In my testing yes, it very much seems so, at least for btrfs vs ZFS, ZFS is still slightly worse than mdadm raid and ext4/xfs.
I don't know if this is because btrfs can't use block cache properly or because ZFS's own caching is better. I wouldn't be surprised if this is a thing needed only by CoW filesystems.

The same "server" (It's the cheapest first-gen threadripper on a gaming asrock mobo and 128GB of ECC RAM, not a true server) with the same array of 20 SAS drives in the same system, arranged as RAID10 for both ZFS and btrfs, the same Windows VMs run like absolute lagfest with btrfs (5-10 seconds to register a click on screen), while with ZFS it's nearly as good as the same VM running on a mdadm raid with normal filesystem (ext4/xfs), even BEFORE I start adding SSDs as read/write cache for it.

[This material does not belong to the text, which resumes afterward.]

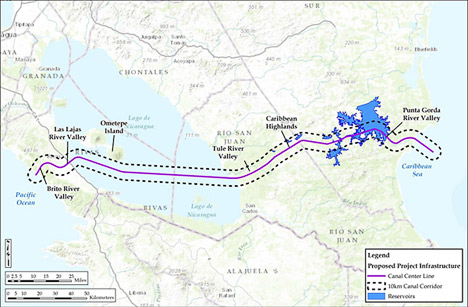 El canal de Nicaragua, los tanques rusos y los espías de Estados Unidos El canal de Nicaragua, los tanques rusos y los espías de Estados Unidos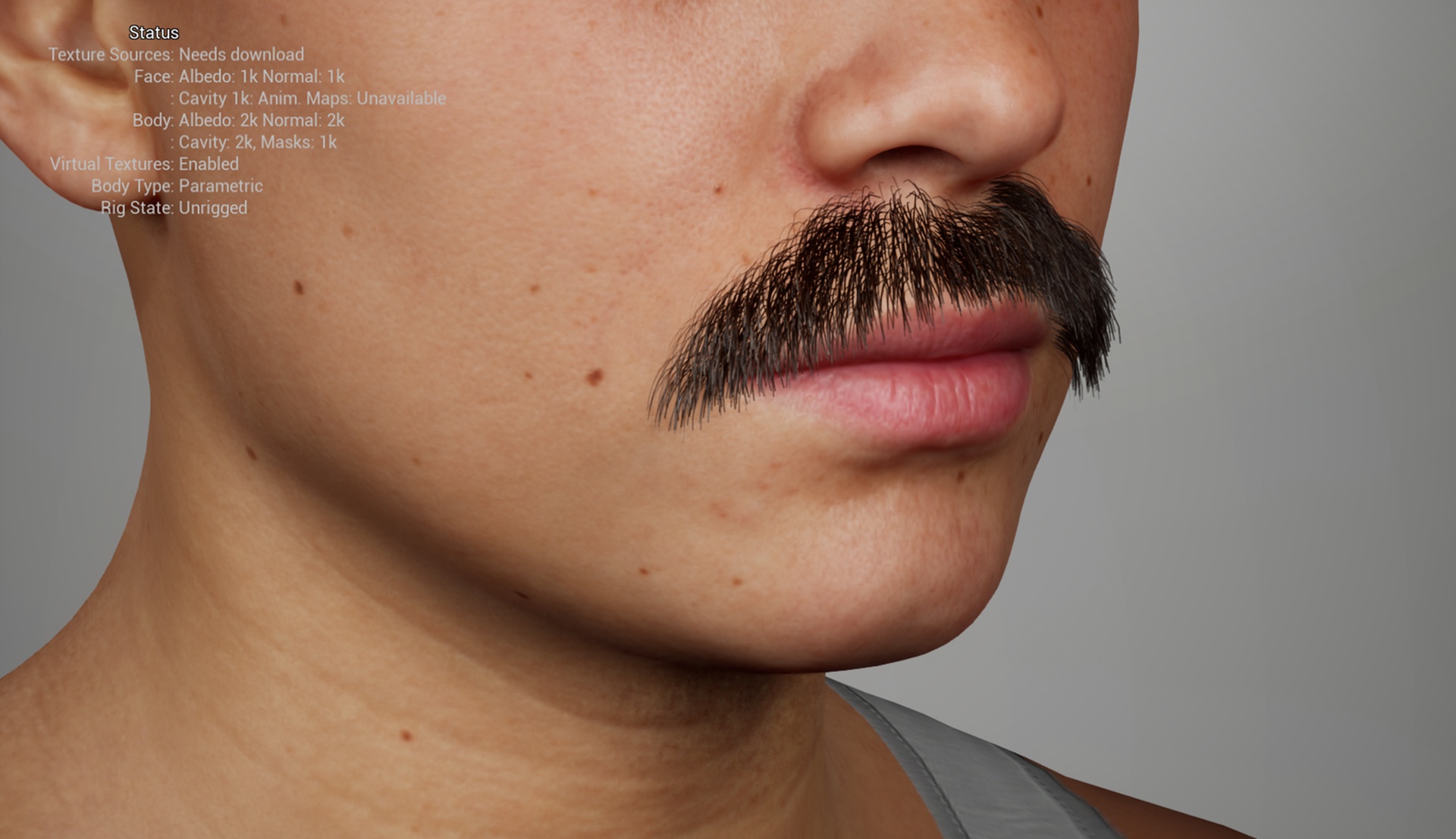Media 1 for listing Classic Chevron Mustache Groom for MetaHuman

Ah it also handles multiple VMs without any change, while running multiple VMs on a btrfs array is ridicolously worse.

And I'm limiting ZFS's cache to 32GB of RAM, while Linux page cache has no such limit and can use all the free RAM available, which is 100+GB (the server has 128GB, a single VM is using 16GB and there is only one up when testing, the host is a OpenSUSE Tumbleweed headless system so it's using less than 512MB of RAM.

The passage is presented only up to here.